It’s an old Washington story.
Powerful politician says things he thinks will never become public.
What he says becomes public.
Public gets upset.
Politician says he’s sorry.
Big debate follows.
Harry Reid isn’t talkative. But the Senate majority leader chatted freely with the two disarmingly charming book authors who came to his office at the Capitol shortly after the 2008 election.
They — and their tape recorder — were soaking in his reminiscences about the wild campaign that had turned a backbencher in his caucus into president of the United States.
Reid wasn’t on guard — perhaps because he’d been told by his staff that the meeting would be “off the record,” according to a person with knowledge of the exchange.

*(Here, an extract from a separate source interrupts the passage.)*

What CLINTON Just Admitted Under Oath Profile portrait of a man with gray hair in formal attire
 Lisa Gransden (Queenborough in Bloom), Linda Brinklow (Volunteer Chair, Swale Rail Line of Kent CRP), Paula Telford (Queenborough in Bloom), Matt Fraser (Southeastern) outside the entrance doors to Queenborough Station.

Although Reid is a master of the Senate’s mysterious inside game, he’s often botched the outside game because of what one colleague calls a “penchant for saying things without a filter.”
But Jim Manley, Reid’s senior communications adviser, wasn’t too worried as he and his boss sat down with John Heilemann of New York Magazine and Mark Halperin of Time magazine — two veteran reporters who were working on what their publisher had billed as “a sweeping, novelistic, and ultimately definitive portrait” of the 2008 race.
Like virtually every Washington political insider, Manley had a long and warm relationship with Halperin, the longtime political director for ABC News who once set conventional wisdom in Washington with “The Note.”